Item 1.01 - Entry into a Material Definitive Agreement.
On August 1, 2025, Turtle Beach Corporation, a Nevada corporation (the “Company”) entered into the Credit Agreement (the “Credit Agreement”), by and among the Company, Voyetra Turtle Beach, Inc., a Delaware corporation (“Voyetra”), TBC Holding Company LLC, a Delaware limited liability company (“TBC Holding”), Performance Designed Products LLC, a California limited liability company (“Performance Designed”, and together with Parent, Voyetra, and TBC Holding, each individually a “U.S. Borrower,” and collectively, jointly and severally, the “U.S. Borrowers”), Turtle Beach Europe Limited, a company limited by shares and incorporated in England and Wales with company number 03819186 (the “U.K. Borrower”; and together with the U.S. Borrowers, each individually a “Borrower,” and collectively, jointly and severally, the “Borrowers”), VTB HOLDINGS, INC., a Delaware corporation, Tide Acquisition Sub II, LLC, a Delaware limited liability company, the other guarantors party thereto, the lenders party thereto, and Bank of America, N.A. (“Bank of America”), as the administrative agent, the swingline lender and the L/C issuer.
Credit Agreement
The Credit Agreement includes a $60,000,000 term loan facility (the “Term Loan Facility”) and a $90,000,000 revolving credit facility (“Revolving Facility”, and together with the Term Loan Facility, the “Facilities”) with designated sub-facility limits of (i) $15,000,000 for the U.K. Borrower, (ii) $10,000,000 for a swingline facility and (iii) $5,000,000 for letters of credit. Actual credit availability under the Revolving Facility is subject to a borrowing base limitation that is calculated based on a percentage of eligible trade accounts receivable and inventories, the balances of which fluctuate, and is subject to discretionary reserves and revaluation adjustments. The Borrowers may utilize the Facilities for borrowings as well as for the issuance of letters of credit, repaying existing indebtedness outstanding as of the effective date of the Credit Agreement and ongoing working capital and general corporate purposes as defined by the Credit Agreement. The Facilities refinance and replace the Company’s previous debt arrangements.
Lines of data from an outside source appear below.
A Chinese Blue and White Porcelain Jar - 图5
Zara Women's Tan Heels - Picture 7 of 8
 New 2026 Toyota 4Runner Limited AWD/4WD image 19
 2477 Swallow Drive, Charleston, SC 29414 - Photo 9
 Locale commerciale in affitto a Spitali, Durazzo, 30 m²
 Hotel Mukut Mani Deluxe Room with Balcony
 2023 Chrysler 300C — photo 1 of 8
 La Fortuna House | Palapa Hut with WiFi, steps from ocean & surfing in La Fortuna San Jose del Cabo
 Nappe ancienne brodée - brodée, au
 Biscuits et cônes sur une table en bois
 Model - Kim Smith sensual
Maturity. The Facilities mature on August 1, 2028.
Security. To secure their obligations under the Credit Agreement, the Company and each of the other loan parties granted an all-assets lien with a first priority security interest in substantially all of their assets to the administrative agent.
Interest Rates and Fees. Borrowings will bear interest at a rate that varies depending on the type of loan and the Borrower. The interest rate will be calculated using a floating rate plus a margin. Depending on the type of loan, the floating rate will either be the prime rate announced by Bank of America, Term SOFR, Daily Simple SOFR, EURIBOR or SONIA. The margin will range from 2.00% to 2.75% for base rate loans and SONIA based loans and from 3.00% to 3.75% for Term SOFR, Daily Simple SOFR and EURIBOR loans. The Credit Agreement also provides for an unused line fee, letter of credit fees, and agent fees.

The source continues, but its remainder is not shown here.